Holding a heavy piece of metal, I lingered outside the local church under the cover of darkness. I was waiting for the director of my Compassion center, Abraham, to leave for the night. I intended to hit him — and perhaps kill him.

My name is Abas Hamza. I was born and raised in a small town in Ethiopia. Growing up, my family was very poor. I remember that we had to take turns to eat. We would ration out a traditional Ethiopian bread called ambasha. To this day, I don’t like eating it because it reminds me of going hungry.

I joined the Compassion program at the local church when I was about 5 years old.

I remember immediately being shown love like I had never experienced before.

They were showing me the love of Christ — but it would take 10 years and some miraculous experiences before I would respond to that love.

I grew up devoutly practicing another faith — and making as much trouble as I could around town.

I would run toward people with sharp objects, just to scare them. I picked people’s pockets. Recently, I had broken into the church with some friends and taken whatever I wanted. Soon after, Abraham told me that he knew what we did. So my intention that night, as I stood waiting for him outside the church, was to silence him.

But, as would later become a theme in my life, something that can only be explained as miraculous intervened. I know that Abraham left the church that night, but despite my vigilant stakeout, I never saw him.

Save for God’s intervention, I would’ve been a murderer. I was on a destructive path — and that is when the Lord intervened in my life again.
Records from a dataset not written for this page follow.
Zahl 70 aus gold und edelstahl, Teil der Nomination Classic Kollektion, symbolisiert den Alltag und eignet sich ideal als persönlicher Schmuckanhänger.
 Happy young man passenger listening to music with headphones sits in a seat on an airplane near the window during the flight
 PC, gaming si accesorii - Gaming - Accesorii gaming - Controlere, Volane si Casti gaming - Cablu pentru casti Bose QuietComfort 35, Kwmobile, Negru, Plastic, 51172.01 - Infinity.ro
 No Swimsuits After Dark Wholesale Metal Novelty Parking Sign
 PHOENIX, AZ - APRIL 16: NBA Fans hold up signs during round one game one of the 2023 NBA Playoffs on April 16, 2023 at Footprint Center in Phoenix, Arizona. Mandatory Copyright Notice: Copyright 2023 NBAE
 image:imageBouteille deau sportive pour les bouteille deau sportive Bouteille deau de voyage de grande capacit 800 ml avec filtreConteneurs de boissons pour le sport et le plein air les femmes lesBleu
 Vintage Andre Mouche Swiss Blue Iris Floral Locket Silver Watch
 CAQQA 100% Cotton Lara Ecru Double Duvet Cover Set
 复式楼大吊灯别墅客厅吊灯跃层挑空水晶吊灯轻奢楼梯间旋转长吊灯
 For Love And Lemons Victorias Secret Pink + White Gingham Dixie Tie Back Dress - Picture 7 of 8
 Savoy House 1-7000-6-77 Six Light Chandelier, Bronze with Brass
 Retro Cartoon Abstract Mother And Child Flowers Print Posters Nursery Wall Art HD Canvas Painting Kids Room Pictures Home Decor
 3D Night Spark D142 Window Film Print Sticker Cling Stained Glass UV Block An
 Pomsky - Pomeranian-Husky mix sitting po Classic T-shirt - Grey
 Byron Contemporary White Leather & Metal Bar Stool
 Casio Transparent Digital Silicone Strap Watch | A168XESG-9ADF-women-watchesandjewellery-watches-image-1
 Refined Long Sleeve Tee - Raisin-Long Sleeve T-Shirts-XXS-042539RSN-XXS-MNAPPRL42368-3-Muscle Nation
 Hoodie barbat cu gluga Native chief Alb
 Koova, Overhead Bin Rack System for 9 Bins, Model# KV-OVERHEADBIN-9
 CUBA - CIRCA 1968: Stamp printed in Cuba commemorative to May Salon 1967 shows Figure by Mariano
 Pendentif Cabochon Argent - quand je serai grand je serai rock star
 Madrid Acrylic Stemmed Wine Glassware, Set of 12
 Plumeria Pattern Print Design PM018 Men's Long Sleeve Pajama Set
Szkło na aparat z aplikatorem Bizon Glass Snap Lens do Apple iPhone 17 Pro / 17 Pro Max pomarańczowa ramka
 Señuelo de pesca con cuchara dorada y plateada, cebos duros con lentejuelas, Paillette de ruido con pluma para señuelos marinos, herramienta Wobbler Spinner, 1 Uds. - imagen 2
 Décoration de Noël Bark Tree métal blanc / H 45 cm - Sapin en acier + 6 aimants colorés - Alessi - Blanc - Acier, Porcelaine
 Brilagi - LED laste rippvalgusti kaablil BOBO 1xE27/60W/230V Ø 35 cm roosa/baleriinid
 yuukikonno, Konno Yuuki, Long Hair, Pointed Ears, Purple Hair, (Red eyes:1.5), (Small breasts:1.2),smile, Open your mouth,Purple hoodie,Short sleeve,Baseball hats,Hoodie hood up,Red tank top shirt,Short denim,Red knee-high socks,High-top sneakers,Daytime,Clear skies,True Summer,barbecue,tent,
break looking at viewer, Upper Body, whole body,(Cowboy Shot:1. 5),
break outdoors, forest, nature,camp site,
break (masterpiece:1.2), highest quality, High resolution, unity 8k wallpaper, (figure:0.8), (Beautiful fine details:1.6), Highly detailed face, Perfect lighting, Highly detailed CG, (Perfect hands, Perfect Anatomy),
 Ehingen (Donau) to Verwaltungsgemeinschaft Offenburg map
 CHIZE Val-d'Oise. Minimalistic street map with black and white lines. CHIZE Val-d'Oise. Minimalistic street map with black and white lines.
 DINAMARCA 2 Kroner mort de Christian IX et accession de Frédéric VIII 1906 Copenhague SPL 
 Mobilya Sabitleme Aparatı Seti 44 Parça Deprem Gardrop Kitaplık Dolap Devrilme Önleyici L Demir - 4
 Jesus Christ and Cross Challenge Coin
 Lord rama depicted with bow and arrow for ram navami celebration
When I was 15, Jesus Christ appeared to me in a vision.

His body was full of light and He said to me, “I am Jesus.” I reached out and shook His hand, then He was gone. That was the moment everything began to change for me.

I remember feeling two things at the same time: immense joy and crippling fear.

I was joyful — amazed that Jesus would come and approach me full of love! And I was scared — because I was well-known in my community. What would happen if I were to accept Jesus? Everyone would know, and Christians are a minority in my community.

But I gave my life to Jesus and immediately began preaching the gospel in the street.

I didn’t know the Bible well, but I had a small copy of the New Testament and what I knew from the lessons at the Compassion center. I took that and preached from the Gospel of John: “The Kingdom of God is coming.”

At first, people thought that I had gone crazy.

And soon, community members started to come after me, wanting to stone me. My family kicked me out. I began renting a place to live on my own, with my earnings from teaching martial arts to local youths. When I didn’t have enough to pay rent, the Compassion center supported me.

It was an incredibly lonely time — my family did not accept me, the community did not accept me, and even many of the church members did not accept me. They didn’t believe that the boy who had once waited outside the church to scare them had truly changed.

But there was one person who believed me from the start: Abraham.

This man whom I had once tried to kill, shared in my joy. He gave me advice, prayed for me and taught me the Word of God. He trusted me and recognized leadership potential in me, allowing me to lead some of the Compassion youths in a sports ministry. This was my first taste of ministry.

Through the sports ministry many youths began to give their lives to Jesus.

And that’s when people in the community really began trying to kill me.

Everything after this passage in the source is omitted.